Background and Brief Description
The Quantitative Survey of Physician Practices in Laboratory Test Ordering and Interpretation is a national systematic study investigating how the rapid evolution of laboratory medicine is affecting primary care practice. This will be a new collection. The survey will be funded in full by the Office of Surveillance, Epidemiology, and Laboratory Services (OSELS) of the Centers for Disease Control and Prevention (CDC).
The survey follows focus groups of fewer than ten participants with primary care physicians that identified common concerns and problems with laboratory test ordering and test interpretation.
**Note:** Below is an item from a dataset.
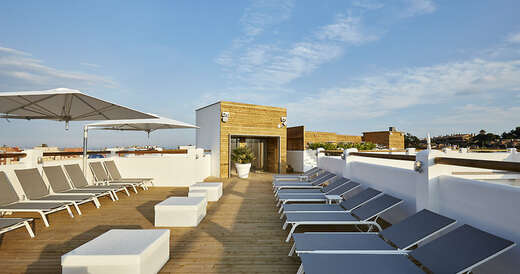 Een foto van het terras bij Hotel Delamar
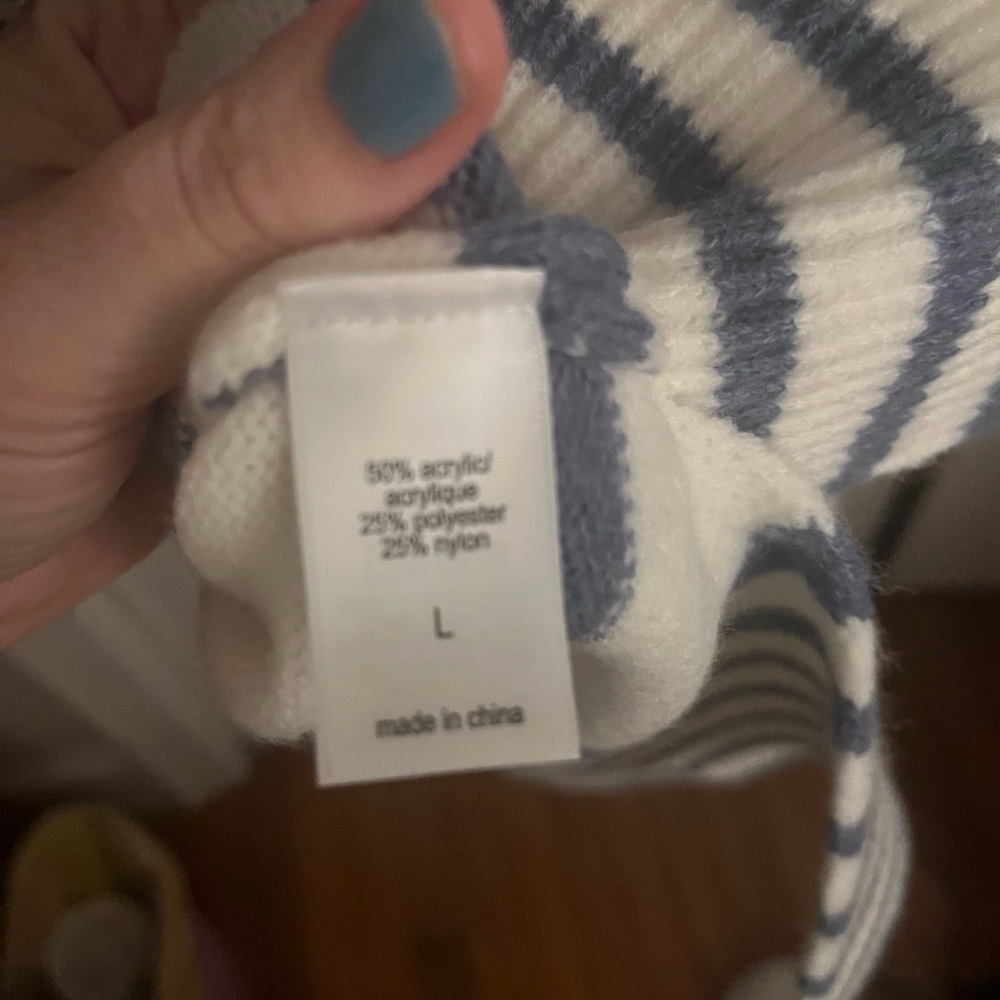 Striped White and Blue Sweater Size Large (low/high) hem NWOT Made by Maurice’s - Picture 6 of 6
The survey will quantify the prevalence and impact of the issues identified within the focus groups. Understanding the relative importance of physician issues in the effective and efficient use of laboratory medicine in diagnosis will guide future efforts of the CDC to improve primary care practice and improve health outcomes of the American public.
The survey covers basic physician demographic characteristics (year of birth, gender, years in practice, physician specialty, professional memberships, practice size and practice setting), practice-related questions including number and type of patients seen weekly. The majority of the questions request information about physician decision making processes involved in test ordering and interpretation.
The effective use of laboratory testing is an important component of the diagnostic process within physician practices. The field of laboratory medicine is undergoing rapid change with the continuing introduction of new tests, increased focus on evidence-based medicine, the deployment of Electronic Health Records, and the wide availability to physicians of electronic information resources, interactive diagnostic tools, and computerized order entry systems. To date, no systematic study has been conducted to investigate how physicians are incorporating these laboratory testing innovations into their day-to-day practices. This survey seeks to provide insight into how physicians integrate laboratory medicine into their routines, and how they manage any challenges they encounter.
The survey will be conducted on a national sample of primary care physicians. There are no costs to respondents except their time. The total estimated annualized burden hours are 373.
|Type of respondents||Form name||Number of respondents||Number of responses per respondent||Avg. burden per response (in hrs)|
|Family Practice Physicians & Internal Medicine Generalists||Laboratory Practices||1600||1||14/60|
Reports Clearance Officer, Centers for Disease Control and Prevention.